いのちがけで歩く

          糸瓜

 初めてできた糸瓜、良子さんがくれた一本の苗から、カボチャほどのどでかい実が四つもできている。冬瓜(とうがん)も、長さ40センチ以上のでっかいのができた。汁物に入れて一本食べた。やわらかく、とろけるようだ。
 観察し忘れていたら、ズッキーニも巨大なのが見つかった。巨大過ぎて味のほどはどうか分からない。
 草ぼうぼうのジャガイモ畑、芋はごろごろ入っており、既に収穫期なんだが、まだまとまった時間が取れず、そのままにおいてある。あさって収穫しよう。大玉トマトは大きくなってきているものの、まだ赤く色づかない。ミニトマトは食べ始めている。トウモロコシは虫の被害が出てきた。朝ごはんに取り立てトウモロコシを蒸して食べている。収穫して5時間以内は甘くておいしい。ピーマンは肉厚でこれまた豪快な味だ。
 草を刈る、草を引く、草を削る、けれども、一日雨が降ると、大地から湧き上がるように草の海。
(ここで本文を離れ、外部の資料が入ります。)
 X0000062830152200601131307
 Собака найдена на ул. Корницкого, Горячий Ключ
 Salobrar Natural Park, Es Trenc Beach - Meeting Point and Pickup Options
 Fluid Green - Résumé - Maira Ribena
 夕方、太陽の熱射がやわらかくなり、みよ子さんがマミを連れて帰ってくる。
 「いのちがけで歩いてるだ」
と言う。
 えーっ、いのちがけ? そうか、いのちがけで歩いているのだ。すごい覚悟だ。
 脚力が半分なえてしまい、痛くて歩くのが困難な状態になっていた。だから、マミの散歩は隣組のミヤさんが代わってやってくれていた。ところが、そのミヤさんも脚が痛くなって、マミを散歩に連れて行けなくなった。
 「ミヤさんのお世話になってきたけど、ミヤさん行けないとなると、自分が行くしかないだ。神様の思し召しだね。神様が歩くようにしてくれただね」
 そして、みよ子さんは、「いのちがけ」で歩き出したというわけだ。痛くてつらいことだけど、ぼくの眼には軽やかに見える。だから、脚が軽やかだよ、若い力を感じるよ、とぼくは励ます。みよ子さんの年は80を超えているけれど。
 「昨日夕方、みよ子さんがマミを連れて散歩に行ってるとき、たずねてきた人がいましたよ。みよ子さんが散歩に出かけたと知って、約束してあったのに出かけるなんて、と言ってたよ」
 ぼくはその女性が、ぷりぷりしてぐちっているのを見て、その女性にマイナスの印象を持った。またなんぞ、みよ子さんに押し売りしようとしているのじゃないかとかんぐったりもした。
 「ああ、あの人、友だちだよ。ご飯一緒に食べる約束してたんだよ」
最近ずっとご飯が食べられなくなっていた。一人でいると、ぜんぜん食べる意欲がわいてこない。その友だちに言うと、火曜日は開いているから、毎週火曜日、一緒に食事しようと言ってくれて約束をした。自分より若いけれど古い友だちだと言う。
 「昨日は時間が早かったから散歩に行っただ。一人でいると食事もおいしくないし、何も食べたくないし」
 見かねた友だちが誘いに来てくれた。そういうことだった。安心した。
 みよ子さんには子どもはいない。御主人は10数年前に亡くなられた。高齢者一人暮らしの孤独はせつない。このごろぼくもみよ子さんに声をかけたりすることが出来ていなかった。
 社会がばらばらになり、みんなが引きこもる様相が進んでいる。たった一人で生きる暮らしは寂しく切ない。